Engraving by Paul Sandby

West View of the City of Edinburgh is an engraving by the landscapist, Paul Sandby. This engraving on paper was published in 1753 and has an alternate name, Vue Occidentale de la Ville d'Edinbourg Capitale d'Ecosse. This portrayal of the city of Edinburgh was transferred from Scottish National Portrait Gallery to the Scottish National Gallery of Modern Art (Modern Two).

== About ==
This depiction was the Government of Scotland's first comprehensive map after the threat of the Jacobite Rebellion. Young Sandby, who was employed by the Board of Ordnance at the Tower of London, was dispatched to Scotland in 1747 as the main draughtsman for the king's military survey of the country. During his comprehensive surveys, Sandby started sketching and painting the first picturesque landscapes of Scotland while carrying a copy of Slezer's Theatrum Scotiae in his back pocket.
== Description ==
The view of Castle Rock, Arthur's Seat, and Salisbury Crags from the farmlands of the West was enjoyed by many.

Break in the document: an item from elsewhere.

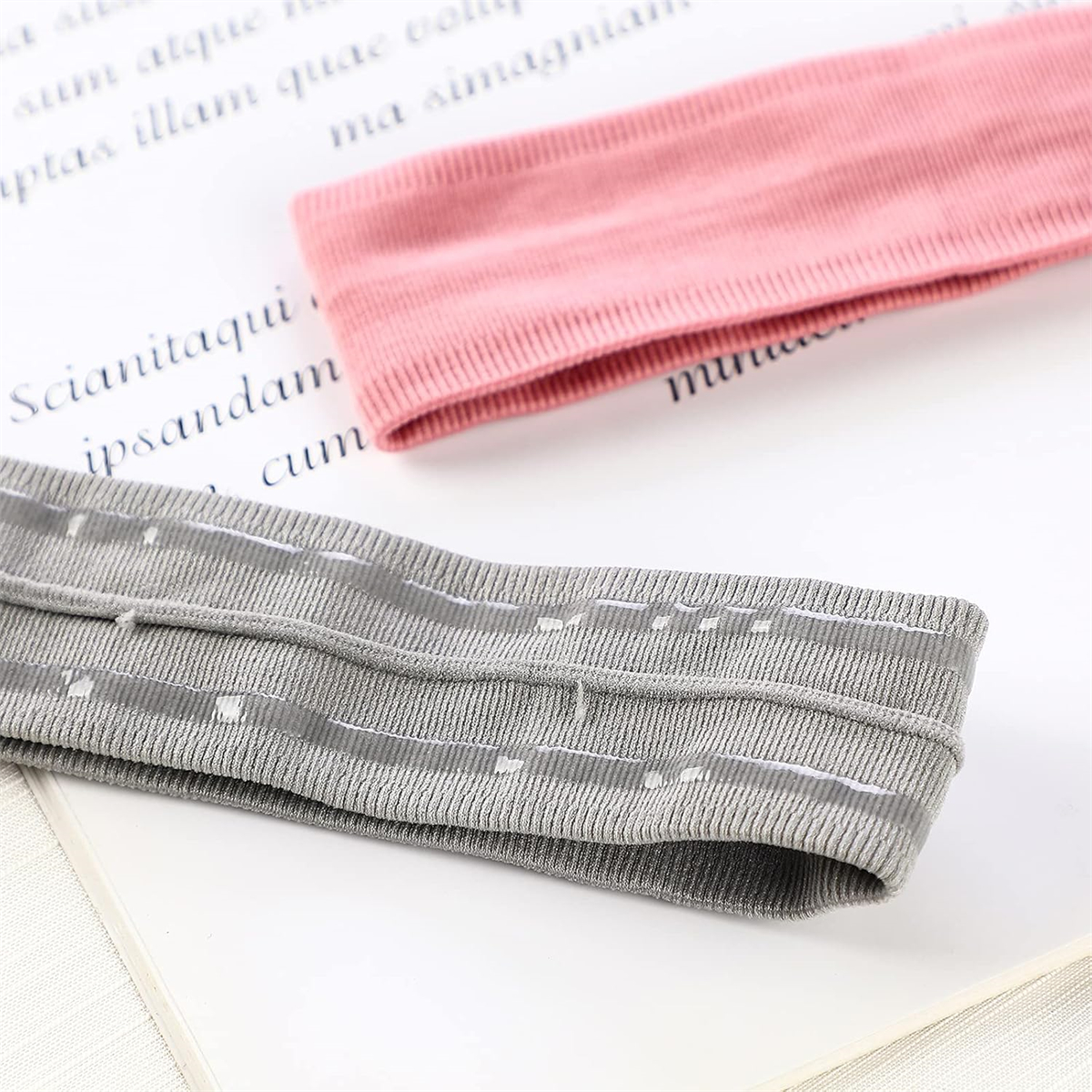 Zwei Stirnbänder auf weißem Untergrund mit Text. Eines rosa, eines grau mit weißen Linien. Hintergrund hat gedruckten Text.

The Old Town, Salisbury Crags, and Arthur's Seat can be seen in the middle left of this topographical image, with Edinburgh Castle in the centre. Beyond the castle, just to the right, is George Heriot's Hospital. The picture was made prior to the development of Edinburgh's New Town. The Royal Mile's lofty peaks behind the castle provide a vantage point for the homes below. Since Sandby's time in Edinburgh, the vistas from the west end have changed considerably, but George Heriot's School still dominates the High Riggs beneath the Castle.